■ WORK TASK
Everything from the line with "FW20 Denimjacka med piltryck för män, svart" to the end of the data below, both lines included, should be transcribed exactly; please omit the pictures.

■ DATASET RECORDS
----

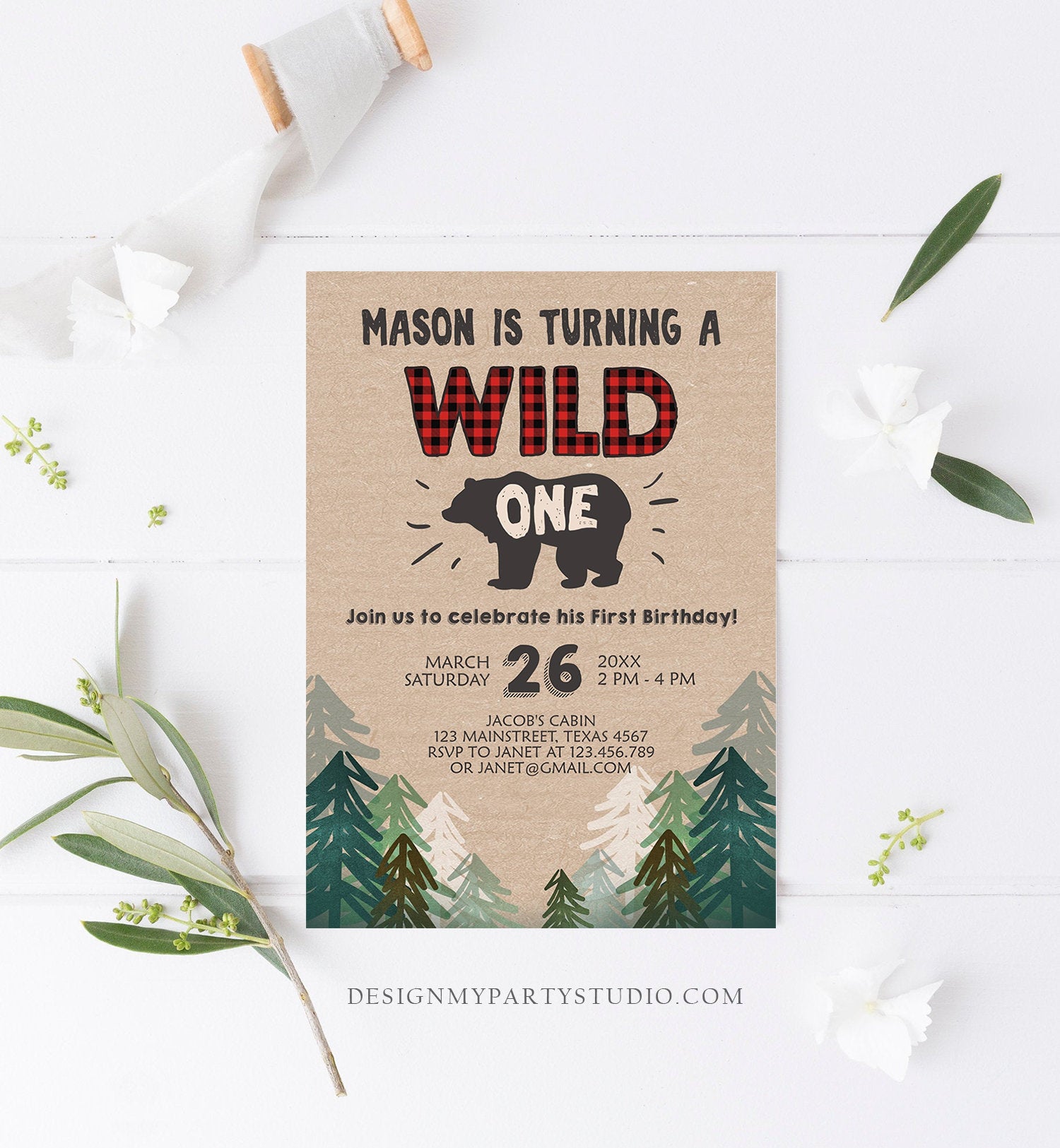 Editable Wild One Birthday Invitation Lumberjack First Birthday Trees Red Black Plaid Outdoor Bear Download Printable Template Corjl 0026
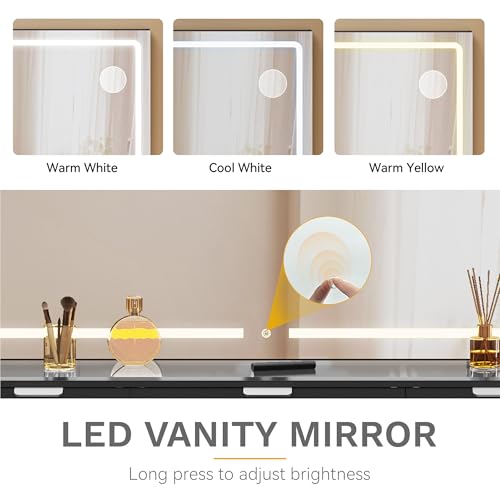 White Vanity Desk Set with LED Mirror and 11 Drawers H185
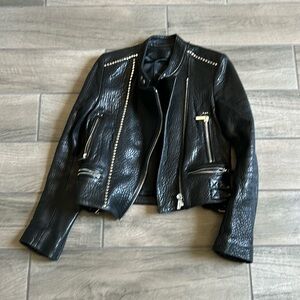 Nour Hammour Black Lambskin Leather Studded Moto Biker Jacket FR 36 US 4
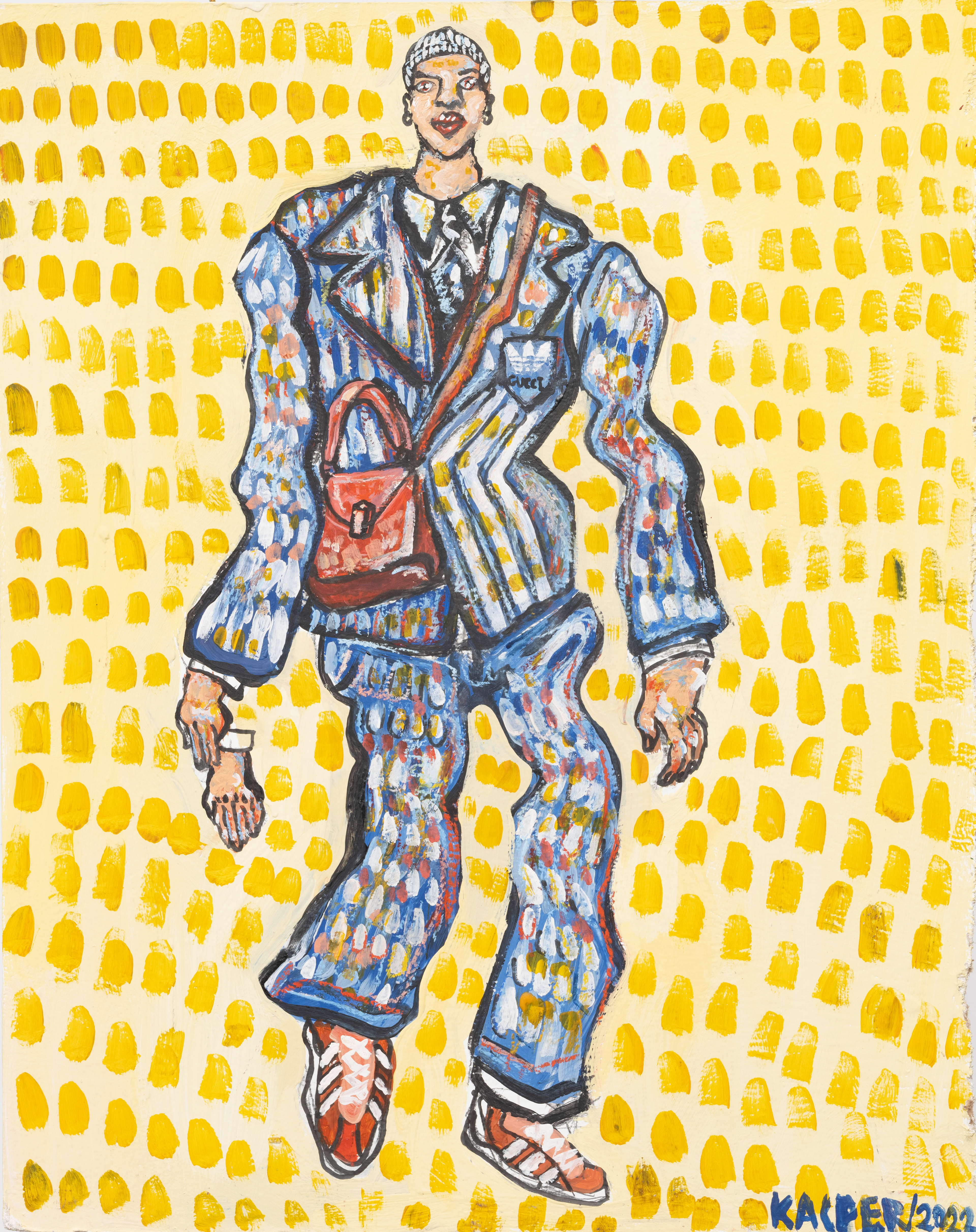 750 PLN / 215 $ / 200 EUR / "Blue suit" by Kacper Kucharczyk, Mixed Media on Paper Plywood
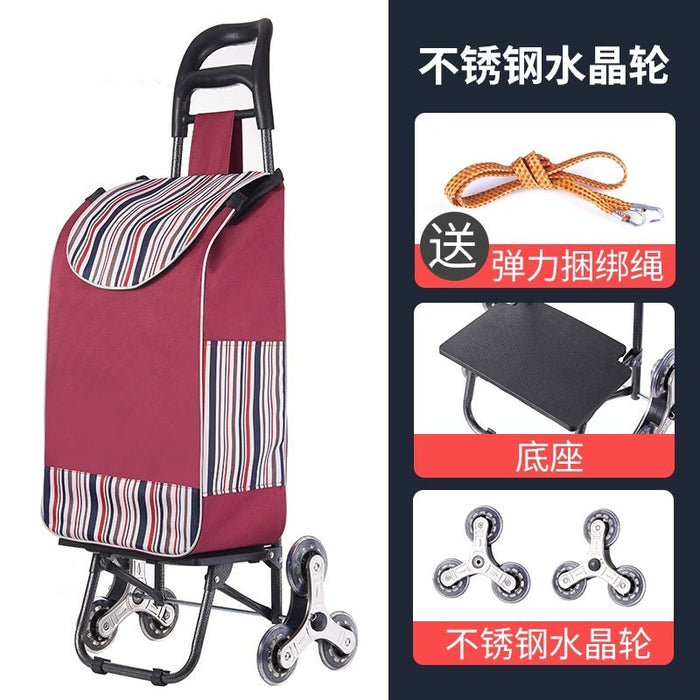 Portable Shopping Climbing Stairs Shopping Cart Luggage Trolley Household Foldable Lightweight Hand Trolley Trailer Elderly Trolley - CLICK TIK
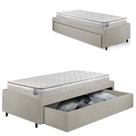 Base Box Cama Solteirão Sapateira material sintético Linho Areia e Colchão Hanover Inducol 96x203 Base Box Cama Solteirão Sapateira material sintético Linho Areia e Colchão Hanover Inducol 96x203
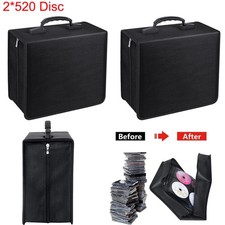 2 Pack 520 Capacity DVD Binder Case CD Wallets Storage Organizer Holder Booklet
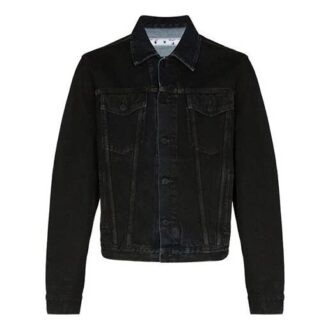 FW20 Denimjacka med piltryck för män, svart
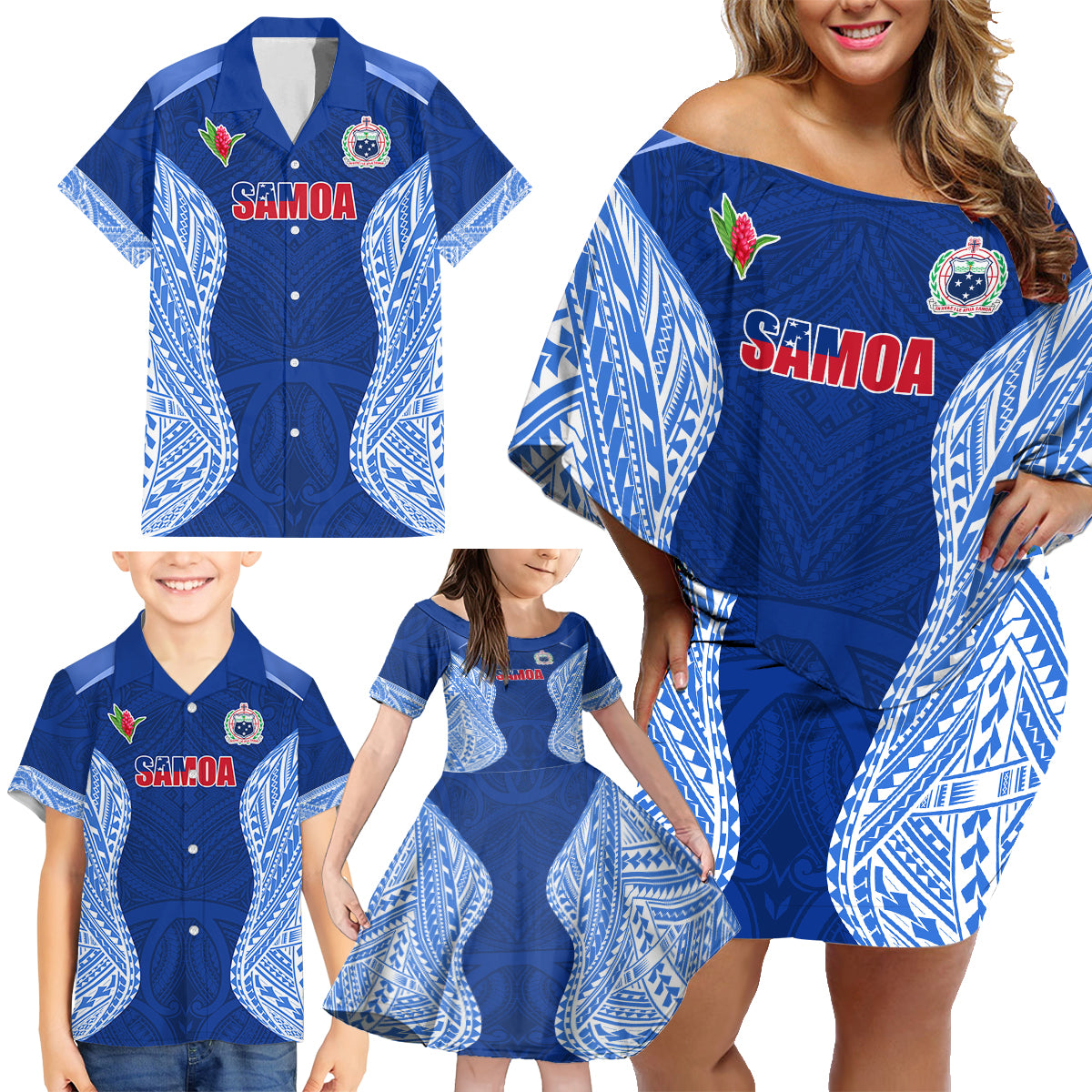 Custom Manu Samoa Rugby Family Matching Off Shoulder Short Dress and Hawaiian Shirt Polynesian Tattoo LT03 - Polynesian Pride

----

■ SOLVED EXERCISE
 FW20 Denimjacka med piltryck för män, svart
 Custom Manu Samoa Rugby Family Matching Off Shoulder Short Dress and Hawaiian Shirt Polynesian Tattoo LT03 - Polynesian Pride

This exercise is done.